## [Your goal]
In the records below, the line that contains "von Fachkräftemangel" marks the start. Copy it and each line after it through the end, exactly, without pictures.

## [Input]
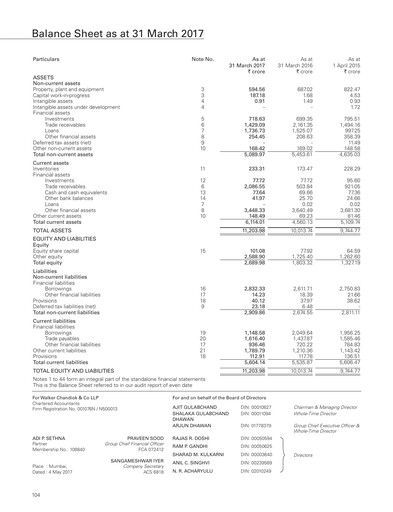 Thumbnail Hindustan Construction Company
 Financial Statement 2016-2017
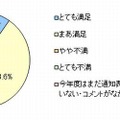 通知表の先生のコメントへの保護者の満足度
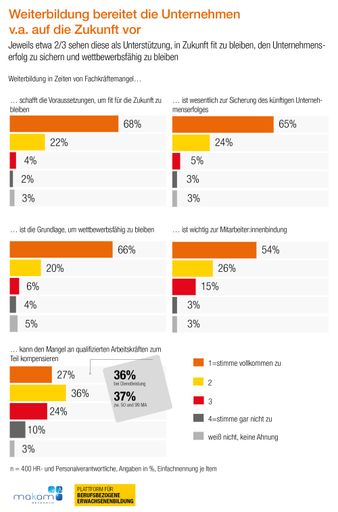 Vorschau Bild von Weiterbildungstudie 2023: Weiterbildung in Zeiten
von Fachkräftemangel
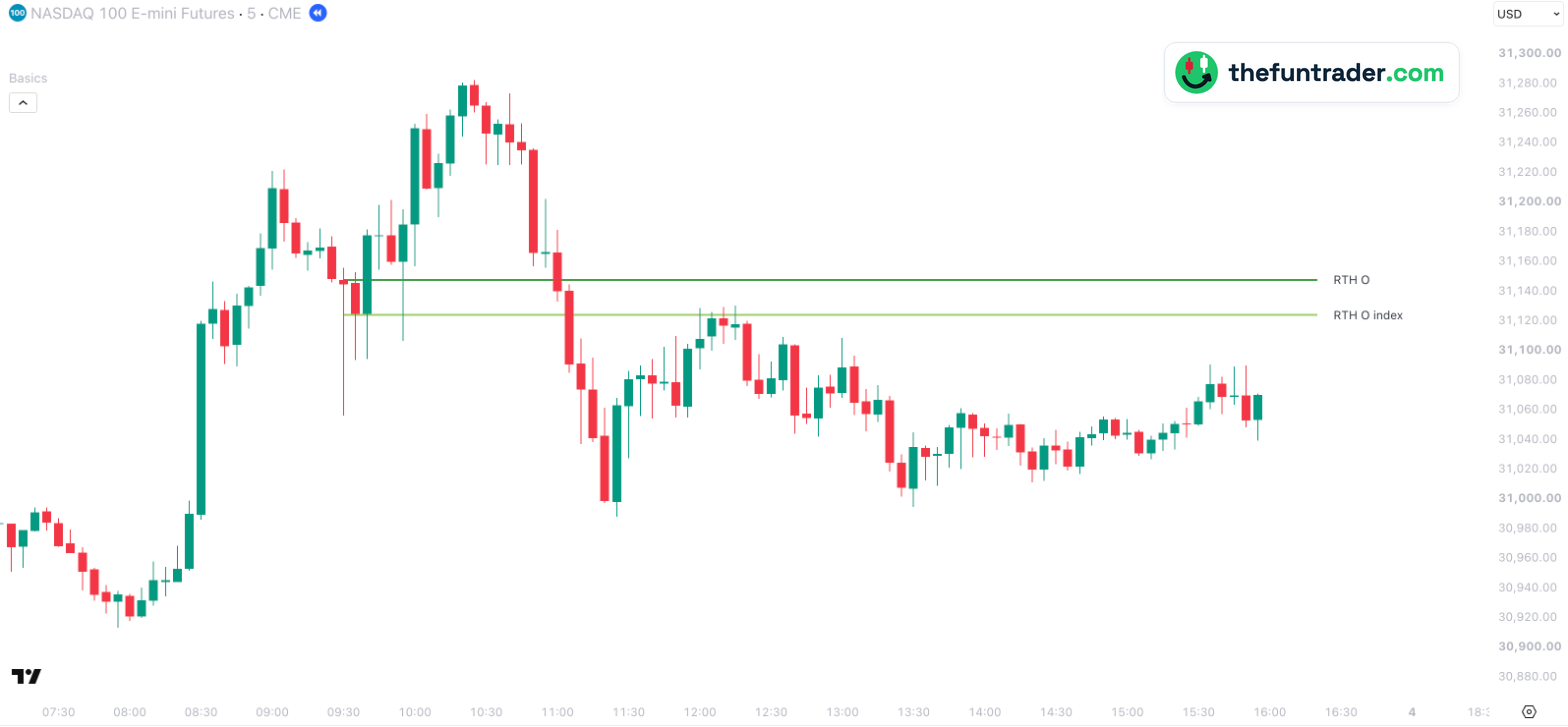 NQ (Nasdaq-100 future) 5-minute chart, 2 October 2026, with RTH O at 31,147.75 and the official Nasdaq-100 opening price in NQ prices at about 31,124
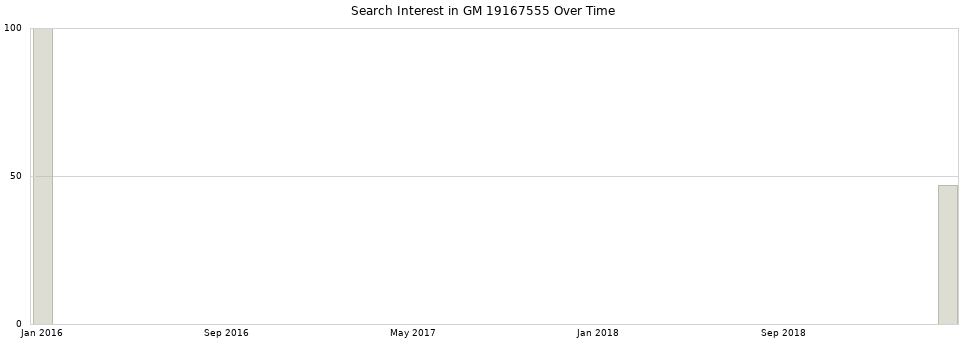 Search interest in GM 19167555 part aggregated by months over time.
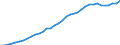 Country: Norway / Series: In 2022 constant prices at 2022 USD PPPs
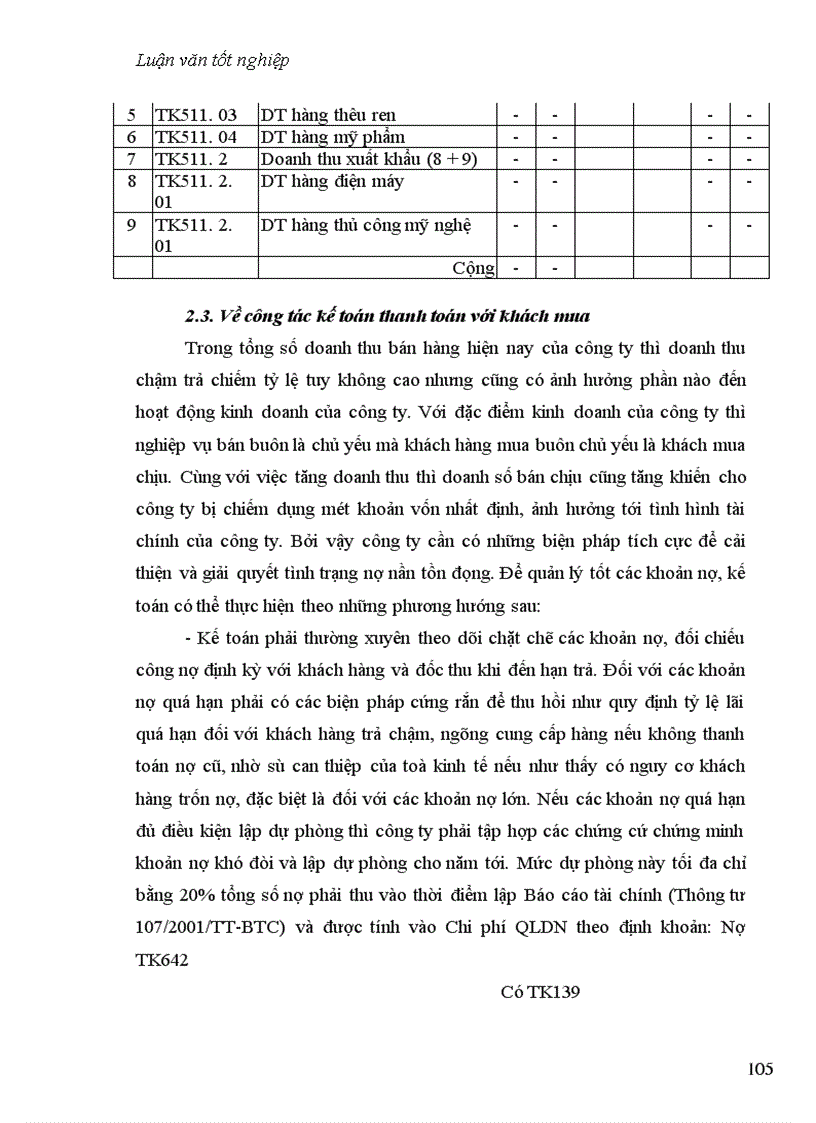 image for page Hoàn thiện kế toán nghiệp vụ bán hàng tại công ty Thương mại Dịch vụ Thời trang Hà nội 1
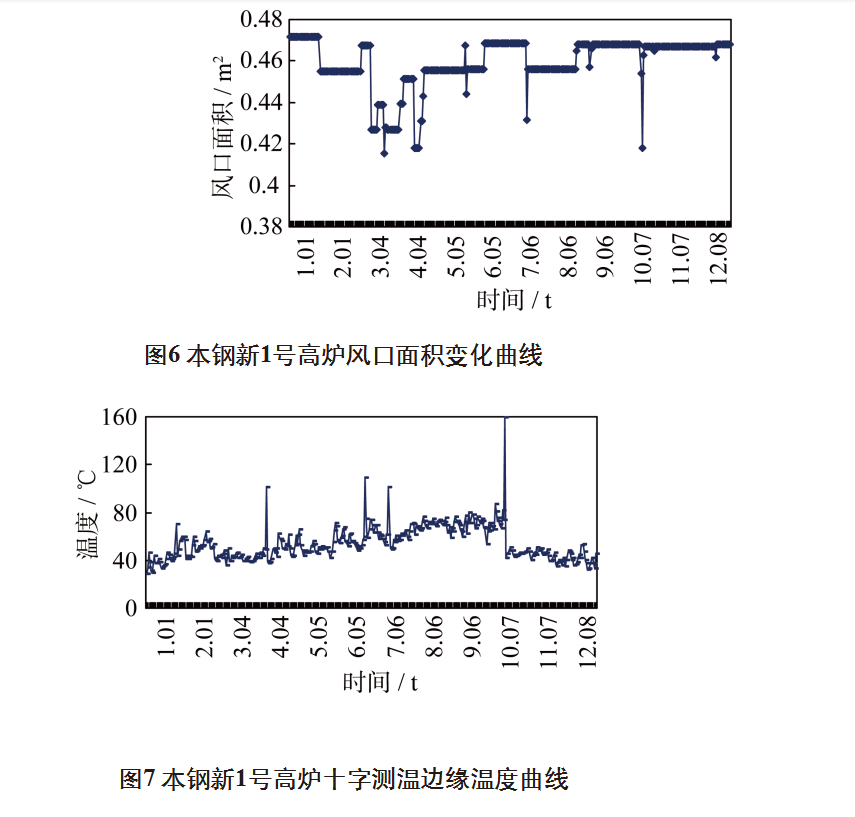 1637869401618321.png image.png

## [Answer area]
von Fachkräftemangel
 NQ (Nasdaq-100 future) 5-minute chart, 2 October 2026, with RTH O at 31,147.75 and the official Nasdaq-100 opening price in NQ prices at about 31,124
 Search interest in GM 19167555 part aggregated by months over time.
 Country: Norway / Series: In 2022 constant prices at 2022 USD PPPs
 image for page Hoàn thiện kế toán nghiệp vụ bán hàng tại công ty Thương mại Dịch vụ Thời trang Hà nội 1
 1637869401618321.png image.png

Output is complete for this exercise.